Helena lingered for a moment, her expression shifting to something more serious. "For what it's worth, you did good, Lyria. Really good. I've been doing this a long time, and I've never seen anyone handle pressure the way you did out there."
"I was terrified the entire time."
"Best kind of hero," Helena said. "The ones who are scared but do it anyway." She squeezed Lyria's shoulder. "One hour. Don't be late."
She disappeared back into the crowd, and Lyria watched her go with something approaching contentment.
One hour. One more ceremony. Then she could pretend to be normal for the rest of the night.
She spent the hour wandering the festival with Finn and Kara, sampling food, watching the entertainers, occasionally being stopped by townspeople who wanted to thank her personally. Each time, she smiled, said something gracious, and moved on as quickly as possible.
By the time the hour was up, she was ready for the Guild Hall simply because it would mean fewer people trying to touch her ears.
***
The Guild Hall's common room had been decorated for the occasion, banners bearing the guild's crest alongside the royal seal, candles burning in every sconce, a makeshift stage at the front where Aldric waited with several town officials and,
Lyria stopped in the doorway.
Archmagus Theron stood beside Aldric, her expression uncharacteristically warm. Behind her stood a small delegation of seal-workers, and beside them,
A young woman. Human, mid-twenties, with sandy brown hair and nervous eyes. Wearing simple traveling clothes, clutching a leather satchel to her chest like a lifeline.
Derrin stood beside her, his hand on her shoulder, his face wet with tears he wasn't trying to hide.
"Miss Lyria," Finn whispered from beside her. "Who's that?"
"I think," Lyria said slowly, "that's Elara."
She wasn't sure how she knew. Maybe it was the way Derrin was looking at the young woman, like she was the most precious thing in the world. Maybe it was the way Elara was looking back, dazed and confused but alive. Definitely alive.
Aldric noticed Lyria's arrival and raised his voice. "Ah, there she is. Lyria-Platinum rank-Moonshadow, and the reason we're all still breathing. Please, come forward."
Lyria made her way through the crowd, her ears swiveling nervously. Kara flanked her on one side, Silvara on the other.
Aldric gestured toward Derrin and the woman beside him. "I believe you know Derrin Ashwood. And this is his sister, Elara."
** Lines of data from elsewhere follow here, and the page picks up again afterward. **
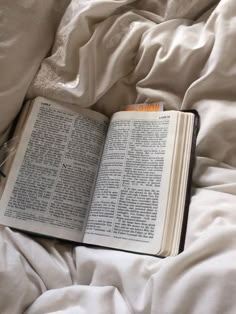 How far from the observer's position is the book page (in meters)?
0.63

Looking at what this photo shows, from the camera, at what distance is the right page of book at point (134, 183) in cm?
60

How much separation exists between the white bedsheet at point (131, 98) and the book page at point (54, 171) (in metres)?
0.02

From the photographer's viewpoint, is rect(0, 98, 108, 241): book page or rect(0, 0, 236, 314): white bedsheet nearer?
rect(0, 0, 236, 314): white bedsheet

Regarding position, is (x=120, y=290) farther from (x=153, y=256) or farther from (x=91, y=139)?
(x=91, y=139)

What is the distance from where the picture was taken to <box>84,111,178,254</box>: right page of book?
60cm

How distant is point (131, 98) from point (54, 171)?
0.19 meters

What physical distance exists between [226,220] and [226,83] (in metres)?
0.21

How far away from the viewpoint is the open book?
601mm

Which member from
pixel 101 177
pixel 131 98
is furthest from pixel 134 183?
pixel 131 98

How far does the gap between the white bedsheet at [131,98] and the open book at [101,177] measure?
2 cm

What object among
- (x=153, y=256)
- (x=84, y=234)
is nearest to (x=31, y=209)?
(x=84, y=234)

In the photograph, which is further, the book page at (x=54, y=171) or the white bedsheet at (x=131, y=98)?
the book page at (x=54, y=171)

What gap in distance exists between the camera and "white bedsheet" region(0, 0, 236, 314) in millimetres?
513

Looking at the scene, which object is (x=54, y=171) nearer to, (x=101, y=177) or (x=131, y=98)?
(x=101, y=177) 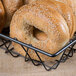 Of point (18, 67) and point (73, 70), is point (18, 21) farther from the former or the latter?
point (73, 70)

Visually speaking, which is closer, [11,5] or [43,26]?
[43,26]

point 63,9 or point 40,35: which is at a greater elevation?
point 63,9

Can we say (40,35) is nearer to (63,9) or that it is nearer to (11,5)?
(63,9)

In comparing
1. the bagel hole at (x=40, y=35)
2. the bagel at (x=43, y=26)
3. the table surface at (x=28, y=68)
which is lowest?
the table surface at (x=28, y=68)

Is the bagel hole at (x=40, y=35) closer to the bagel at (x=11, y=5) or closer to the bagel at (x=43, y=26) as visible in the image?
the bagel at (x=43, y=26)

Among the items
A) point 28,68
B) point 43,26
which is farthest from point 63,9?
point 28,68

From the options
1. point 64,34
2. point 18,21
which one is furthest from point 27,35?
point 64,34

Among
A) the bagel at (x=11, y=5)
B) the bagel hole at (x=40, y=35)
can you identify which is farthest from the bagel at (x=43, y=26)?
the bagel at (x=11, y=5)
Elara stepped forward, her expression a complicated mixture of gratitude and lingering fear. "They found me," she said, her voice hoarse. "Theron's seal-workers, when they were completing the barrier repairs. I was... trapped. In a pocket dimension adjacent to the Shadowfen. The darkness had pulled me there when the corruption first spread."
"She's been there for three months," Derrin said, his voice breaking. "Three months, and I thought, I thought she was dead, or worse, and the darkness told me,"
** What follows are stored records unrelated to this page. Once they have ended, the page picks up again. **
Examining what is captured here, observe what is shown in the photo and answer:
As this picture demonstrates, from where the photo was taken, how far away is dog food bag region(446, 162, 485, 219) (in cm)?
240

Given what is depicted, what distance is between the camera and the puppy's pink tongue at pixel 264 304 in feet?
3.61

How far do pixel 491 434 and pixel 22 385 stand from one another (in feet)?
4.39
"It lied," Lyria said quietly.
"It lied," Derrin confirmed. "About everything. About Elara being safe if I helped. About the barrier failing being inevitable." He looked at Lyria with something between shame and desperate gratitude. "You could have had me executed for what I did. Instead, you helped find my sister."
"I didn't find her. Theron's team did."
"But you sealed the barrier well enough for them to get close enough to look." Derrin swallowed hard. "Thank you. I know that doesn't cover what I did, but, thank you."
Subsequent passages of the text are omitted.